Want to do your best at the Turkey Trot on Thursday morning?
We know that the answer is a “ho-hum” no for some of you reading this, but for those who have trained – and are willing to give up some of the Thanksgiving Eve revelry tonight – below are some tips from three running experts. Before that, however, is key information on the race itself from the organizer: YMCA Buffalo Niagara.
Race start: 9 a.m., sharp on Thanksgiving morning
Runners: 14,000 have registered
Distance: 8K (4.97 miles)
Course: Starts at Delaware and Tacoma avenues, slightly north of the starting line for previous runs; the finish line will be a bit farther south, at Franklin and Niagara streets, to ease congestion outside the Buffalo Niagara Convention Center. Motorists who aren't involved with the race will want to steer clear of Delaware Avenue and its side streets between the Delaware YMCA and downtown from about 7:30 a.m. through late morning.
Shuttle: Parking is difficult near the starting line, so plan to get there early. MASH Urgent Care will shuttle participants between the finish and starting lines from 7 to approximately 7 to 7:45 a.m. and 10 to 11:45 a.m.
Anything in tow?: Animals, shopping carts, rollerblades and strollers are prohibited on the race course for safety reasons.
How can I help?: Bring two or more cans of food to the Convention Center to benefit local charity.
After-party: Live band and race awards ceremony at the Convention Center and non-alcohol, family friendly event at Statler City immediately following the race. Those looking to drink beer at the Convention Center need to bring proper ID.
Eat your dinner early tonight: And make it something a bit higher in carbohydrates, said Eric Orton, of Jackson Hole, Wyo., a Springville native and the running coach featured in the best-selling book, “Born to Run.”
“It would benefit you to get a balance of carbohydrates, protein and fat,” Orton said, “but you might want to go a little heavier on the carbohydrates. Sweet potatoes are a great source, so you can do sweet potatoes and a little bit of chicken and some dressing, olives, avocados.”
Hydrate: “If you’re not a regular water drinker, you should try to start drinking more water at least a couple of days before the race,” as well as in the hours afterward, said Beth Stormer, who has participated in several marathons and just finished teaching a12-week Turkey Trot running class at the Be Healthy Institute in Hamburg.
Dream: Get a good night’s sleep tonight, and before you go to bed, said Orton, “Visualize how you want the race to go for yourself. It’s a very powerful tool. Close your eyes and spend five to 10 minutes. Visualize being nervous, how you want to run the race. See yourself run exactly the way you want it to happen.” Thursday morning, “wake up and do the same thing.”
Thursday breakfast: In the morning, an hour or two before the race, eat a small breakfast of simple carbs: a bagel or whole grain toast, a banana, basic fruits, Stormer said.
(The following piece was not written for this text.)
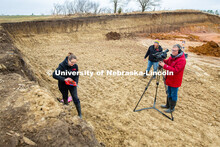 Judith Turk and Rebecca Young (stocking hat), assistant professors of natural resources, are being v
Also have a little protein, recommended Dr. Lisa Daye, an orthopedic surgeon at Excelsior Orthopaedics & Sports Medicine in Amherst.
Trot clothing: Dress in layers. “I encourage people to pay attention to what they’re comfortable wearing for a race,” Stormer said. “Some people like to be warm the whole time, but we tend to overdo it when we run the Turkey Trot. It’s a long race. You have to be prepared for the weather, but don’t overdress.”
Prerace warm-up: Orton is not a fan of stretching beforehand. “If you have a routine of stretching afterward, go for it. But a certain amount of tight muscles are necessary for performing well and to be healthy. … You want to get your heart rate elevated prior to the start of the race,” he added. “That doesn’t mean you run hard for 20 minutes.” An easy jog for 10 to 15 minutes, punctuated by a few bursts of sprinting, should help you avoid shortness of breath during the race, he said, and help dictate the kind of clothing you’ll want to wear for the run.
During the race: Pace yourself. Stormer discouraged runners from going out too quickly, although she said that isn’t easy in such a crowded race field. “You’ve got your adrenaline pumping and we all tend to do that,” she said. “We’re feeling good, and all of a sudden you hit the wall.”
Added Daye: “In trying to push it too hard, you end up with shin splints, you end up with stress fractures, you end up with something from overuse. You’ve been doing all this training and if you’ve been pushing yourself too hard, the body’s not going to tolerate that. It pushes back.”
Post-race: After the race, instead of heading right into the convention center, grab a bottle of water and stay outside for a few minutes, Stormer said. “Walking is great. It helps the legs loosen up a little bit.”
“You want to cool down,” agreed Orton. “Go for a walk or nice, easy jog afterwards. It’s going to help flush the lactic acid that was built up during the intensity of the race. The elites will go for a nice 20-, 30-minute jog afterward. They’re flushing all of that race out of their body. That helps the recovery so much.”
Stormer said it’s especially important to eat protein and carbs within 30 to 60 minutes after you run. “That’s really important to help muscles rebuild and recover faster,” she said. “And definitely hydrate before you drink a beer.”